*What to produce*
The answer should reproduce every entry exactly and contain no images.

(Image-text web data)
※
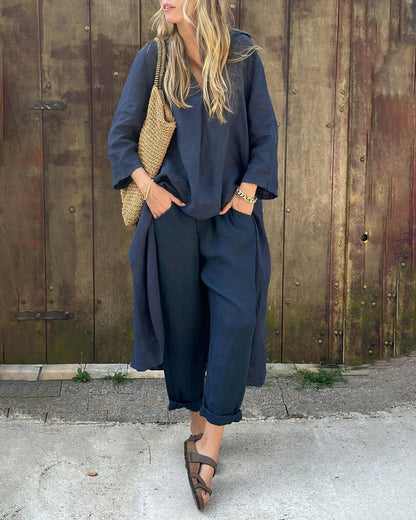 Women's Relaxed Long Tunic and Pants Set Loose Fit Casual Two Piece Outfit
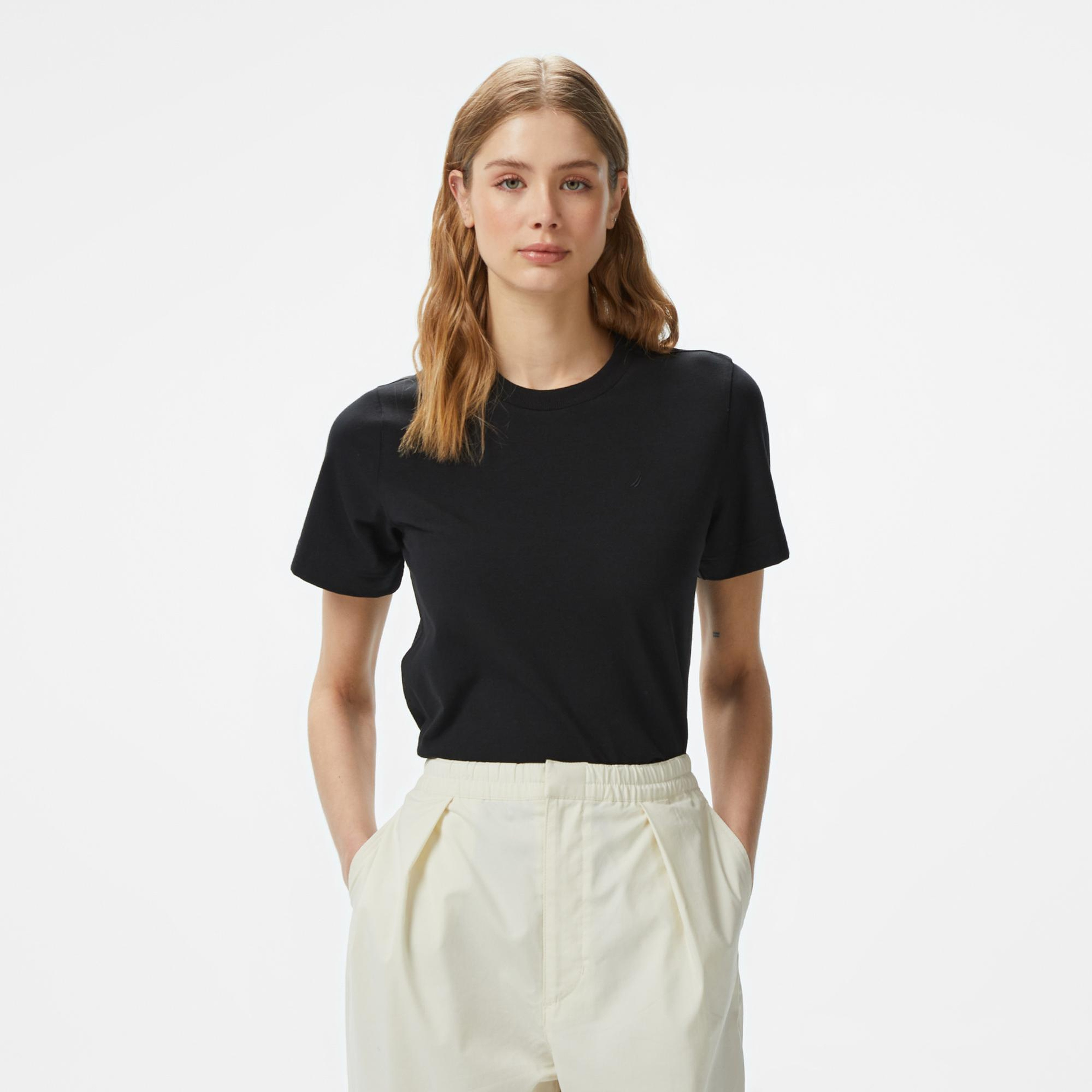 Nautica Kadın Siyah Regular Fit Kısa Kollu T-Shirt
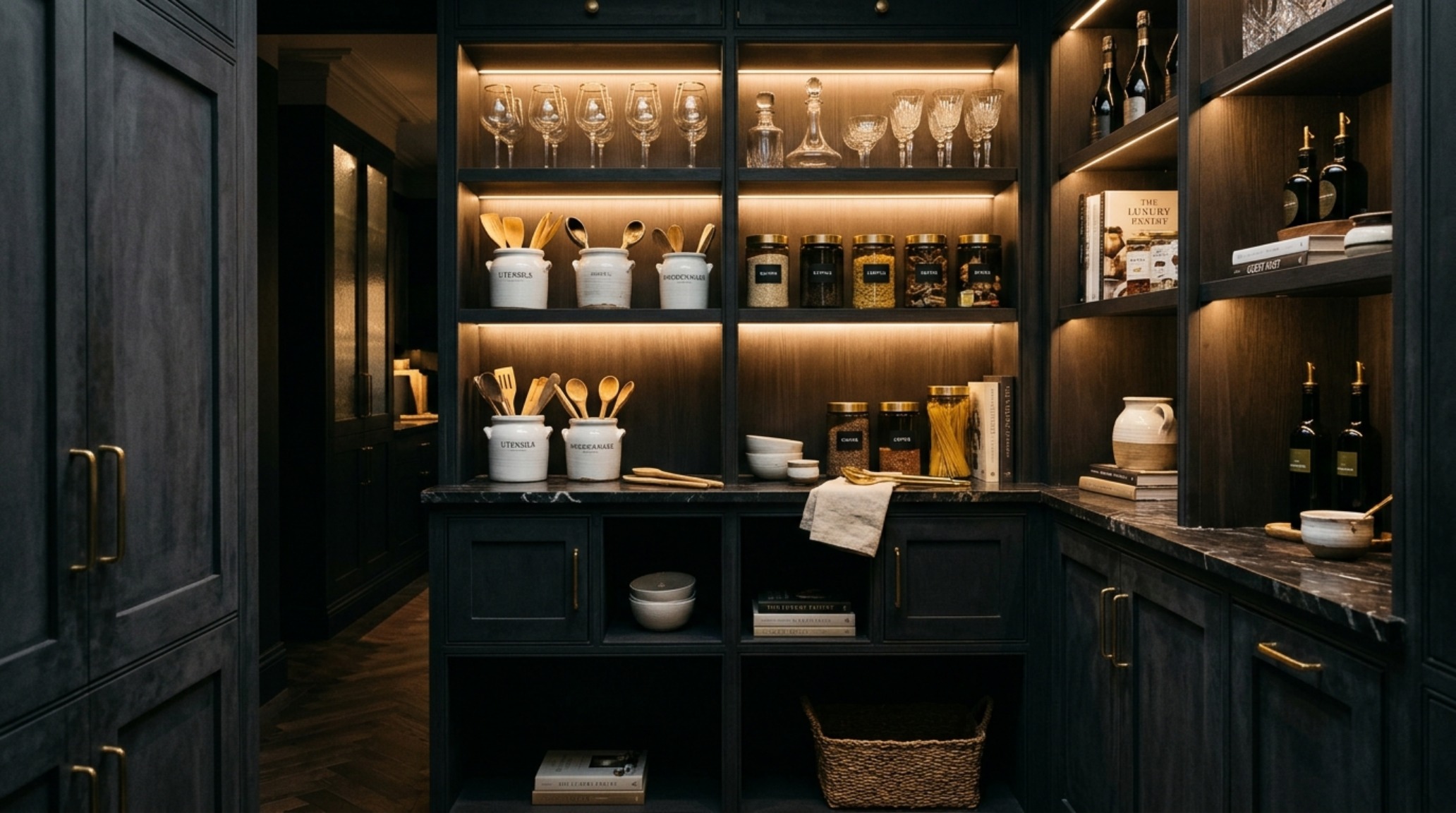High-contrast pantry design with Benjamin Moore Iron Ore cabinetry and white marble counters, featuring high CRI task lighting.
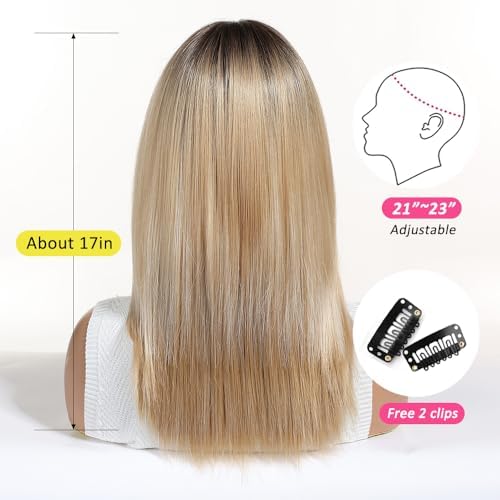 Vue 4 de Perruque Blonde Ombree Pour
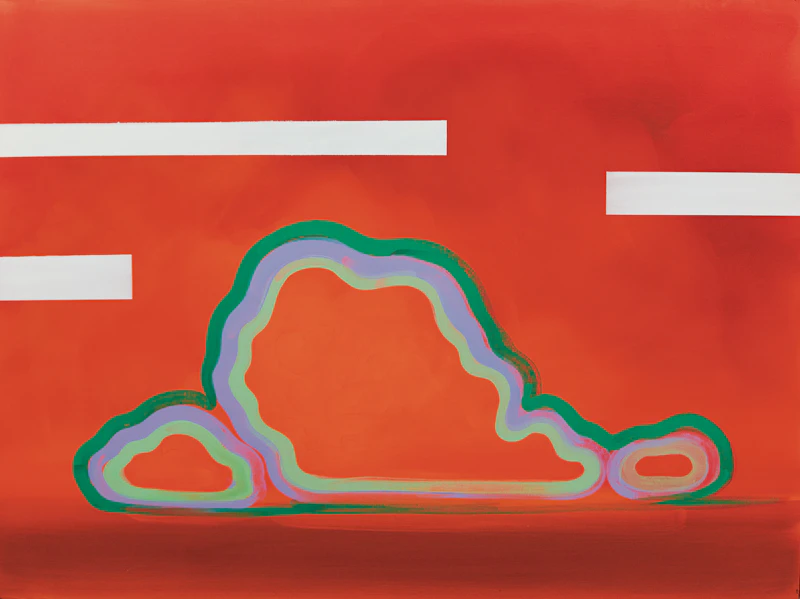 Wanda Koop, Green Zone (Brilliant Orange, White Interference), 2006, acrylic on canvas - view 2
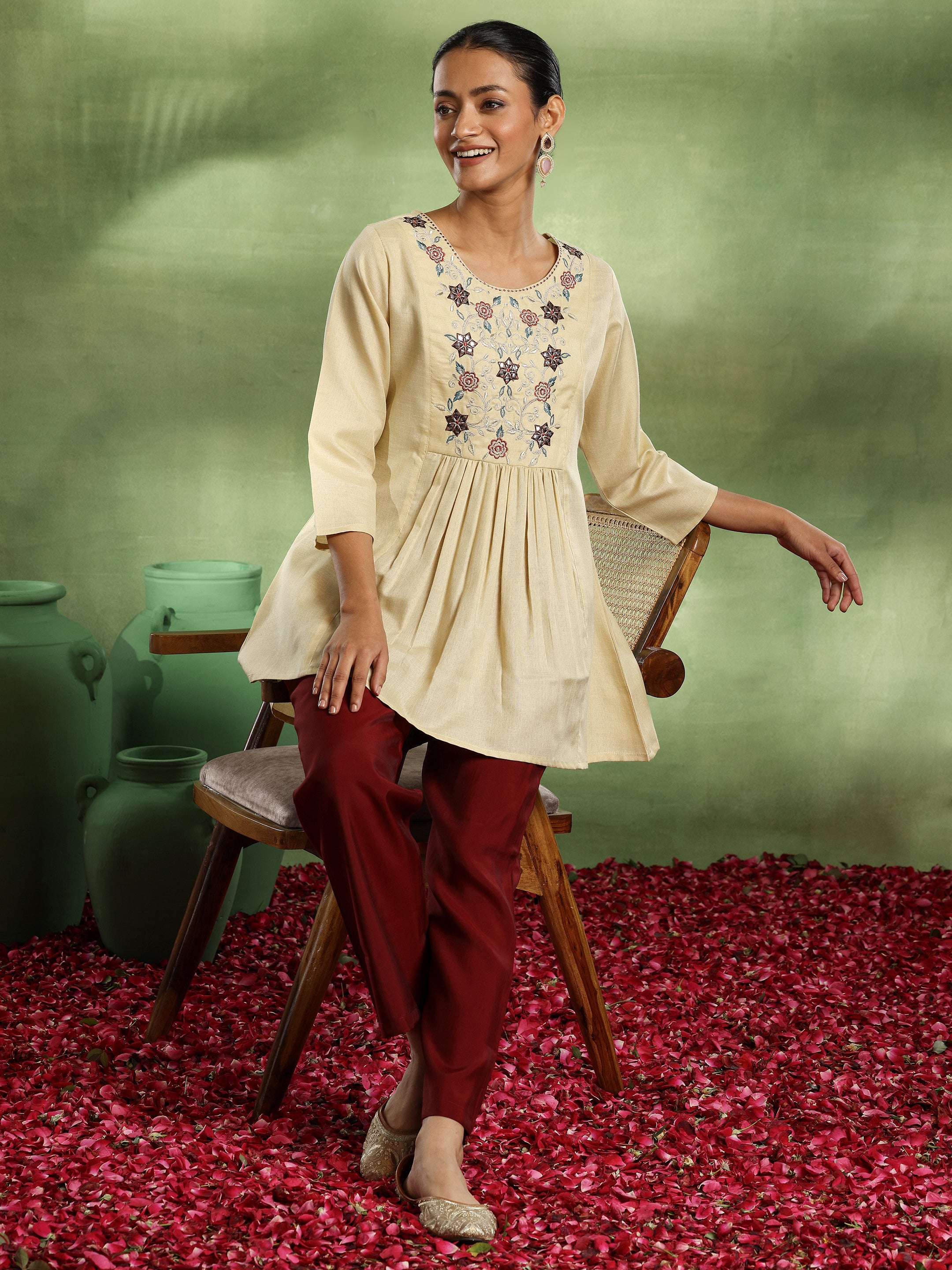 Beige Yoke Design Cotton Blend A-Line Kurti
※
*Finished exercise*
 Women's Relaxed Long Tunic and Pants Set Loose Fit Casual Two Piece Outfit
 Nautica Kadın Siyah Regular Fit Kısa Kollu T-Shirt
High-contrast pantry design with Benjamin Moore Iron Ore cabinetry and white marble counters, featuring high CRI task lighting.
 Vue 4 de Perruque Blonde Ombree Pour
 Wanda Koop, Green Zone (Brilliant Orange, White Interference), 2006, acrylic on canvas - view 2
 Beige Yoke Design Cotton Blend A-Line Kurti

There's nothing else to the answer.